■ **EXERCISE MATERIALS**
_ _ _ _ _

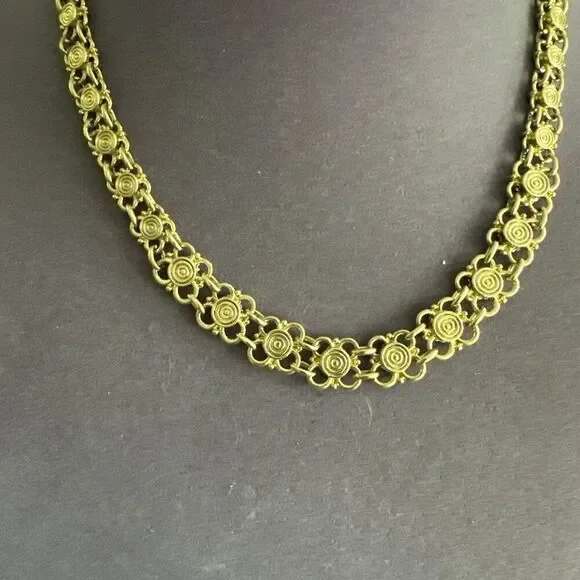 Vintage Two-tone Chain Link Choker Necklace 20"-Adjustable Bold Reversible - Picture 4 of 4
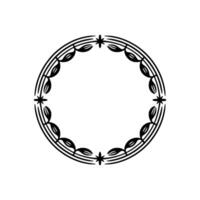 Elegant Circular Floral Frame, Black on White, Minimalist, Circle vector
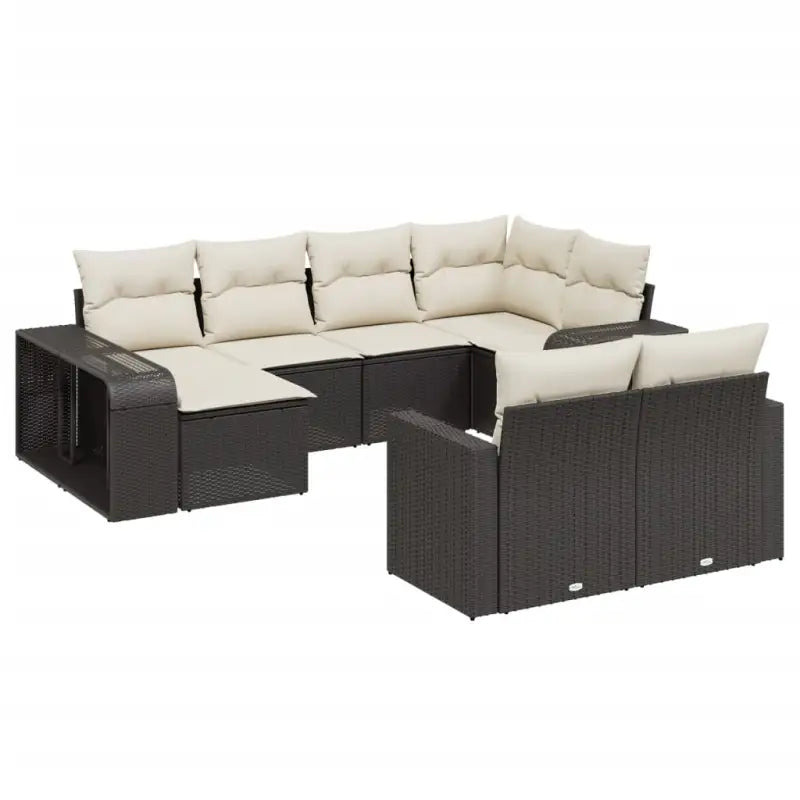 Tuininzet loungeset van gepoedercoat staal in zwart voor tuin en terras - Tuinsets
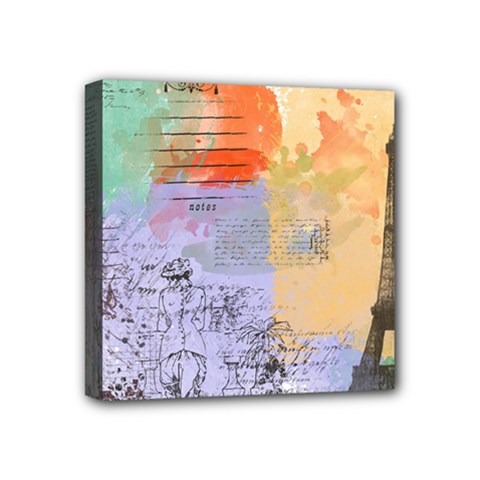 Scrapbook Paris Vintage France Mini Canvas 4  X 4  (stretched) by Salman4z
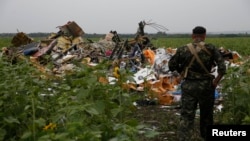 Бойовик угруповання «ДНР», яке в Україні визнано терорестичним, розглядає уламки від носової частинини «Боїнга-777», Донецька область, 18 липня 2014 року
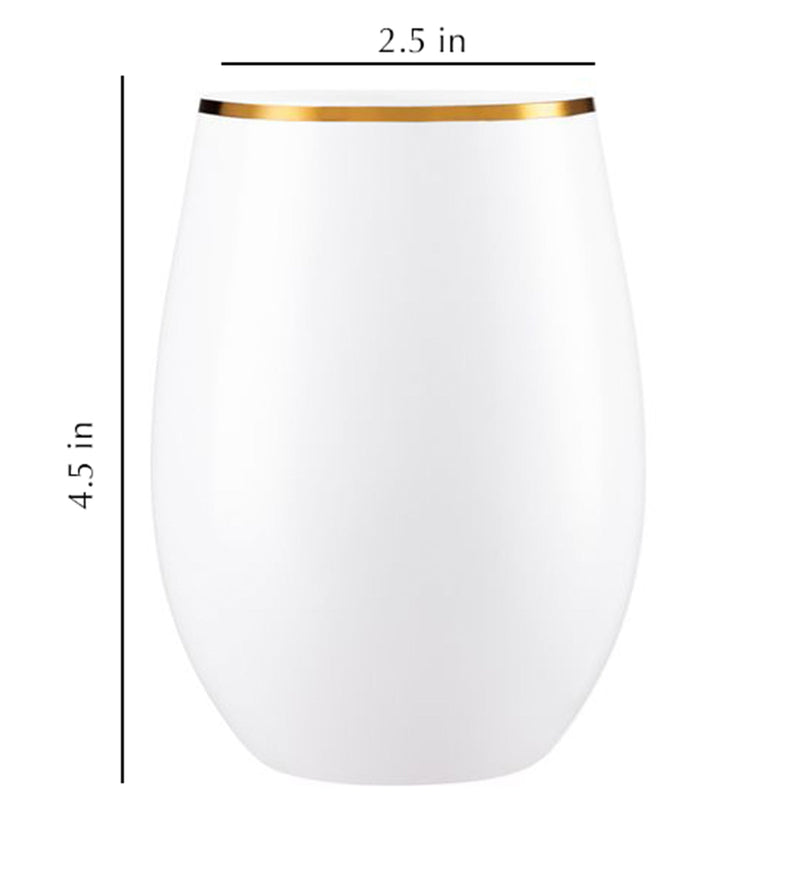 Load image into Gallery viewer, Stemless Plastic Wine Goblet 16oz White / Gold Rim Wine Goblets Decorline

_ _ _ _ _

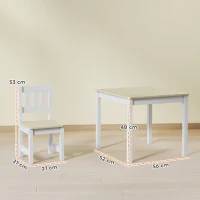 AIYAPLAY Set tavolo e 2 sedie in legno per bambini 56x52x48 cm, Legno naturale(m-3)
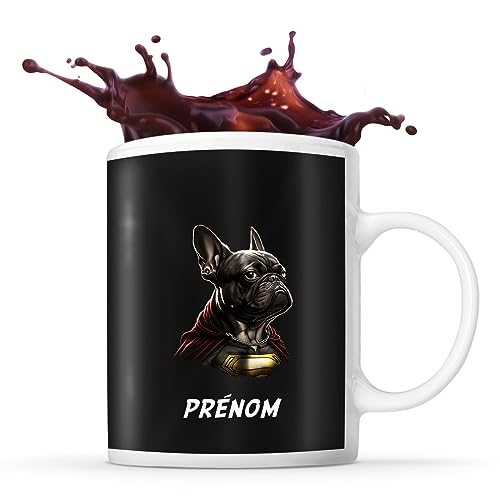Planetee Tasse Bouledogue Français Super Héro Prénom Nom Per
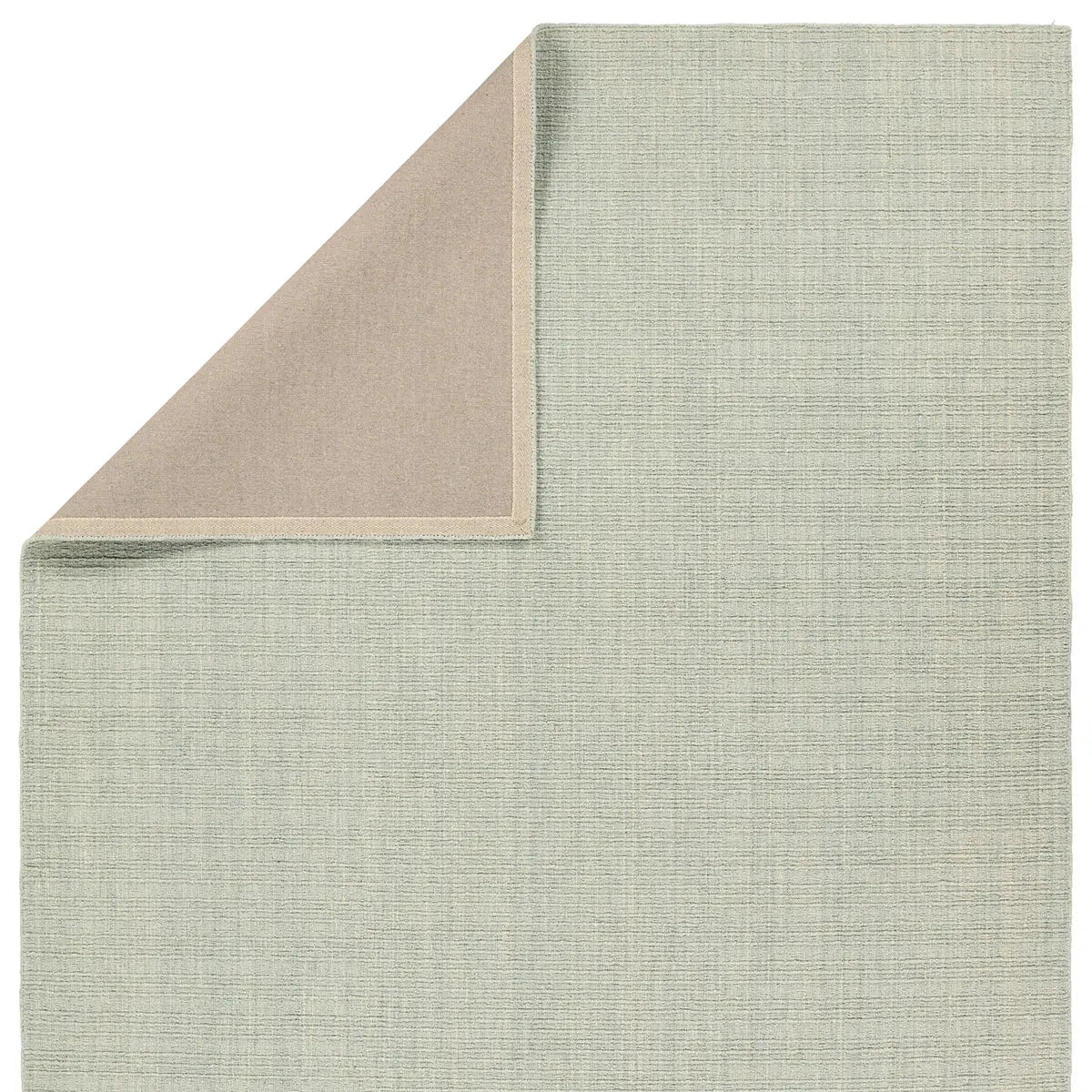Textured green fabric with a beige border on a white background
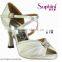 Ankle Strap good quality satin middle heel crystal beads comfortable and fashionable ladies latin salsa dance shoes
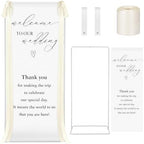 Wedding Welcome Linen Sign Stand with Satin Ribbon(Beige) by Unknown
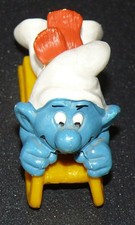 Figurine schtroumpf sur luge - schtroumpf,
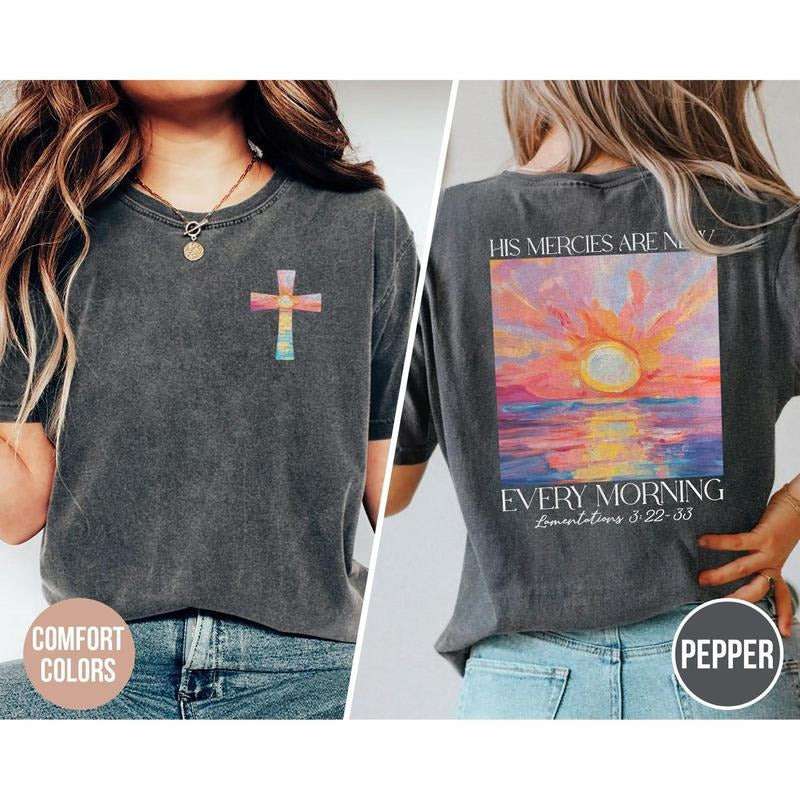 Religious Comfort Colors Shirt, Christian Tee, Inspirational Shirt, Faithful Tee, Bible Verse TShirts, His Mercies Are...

_ _ _ _ _

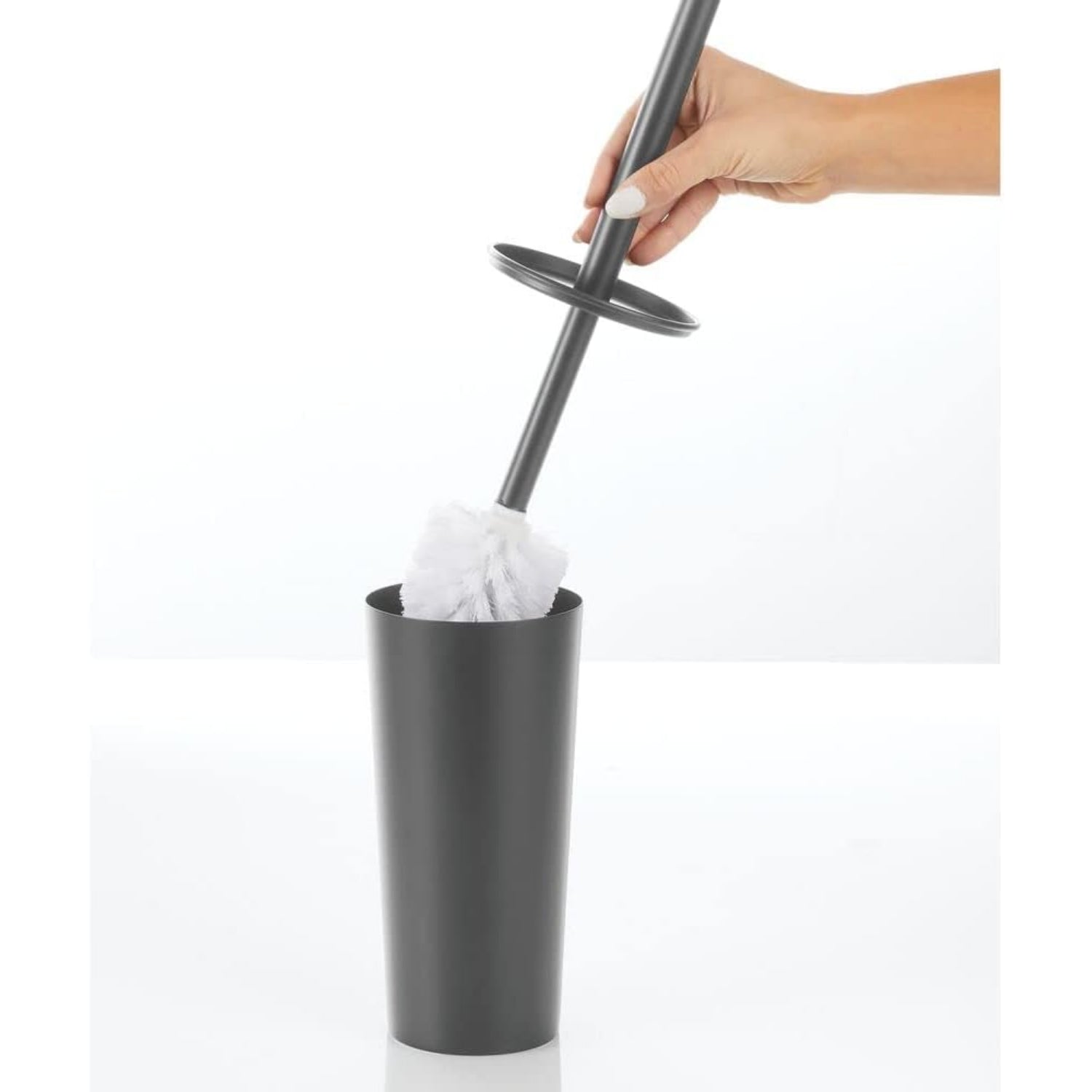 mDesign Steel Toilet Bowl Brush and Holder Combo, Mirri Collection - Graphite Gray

_ _ _ _ _

■ **PROBLEM TO WORK ON**
Text only, no pictures: please print exactly the lines above from the line with "Scrapbook Paris Vintage" up to and including the line with "Load image into", and nothing else.

■ **ANSWER FOR THIS EXERCISE**
 Scrapbook Paris Vintage France Mini Canvas 4  X 4  (stretched) by Salman4z
 Бойовик угруповання «ДНР», яке в Україні визнано терорестичним, розглядає уламки від носової частинини «Боїнга-777», Донецька область, 18 липня 2014 року
 Load image into Gallery viewer, Stemless Plastic Wine Goblet 16oz White / Gold Rim Wine Goblets Decorline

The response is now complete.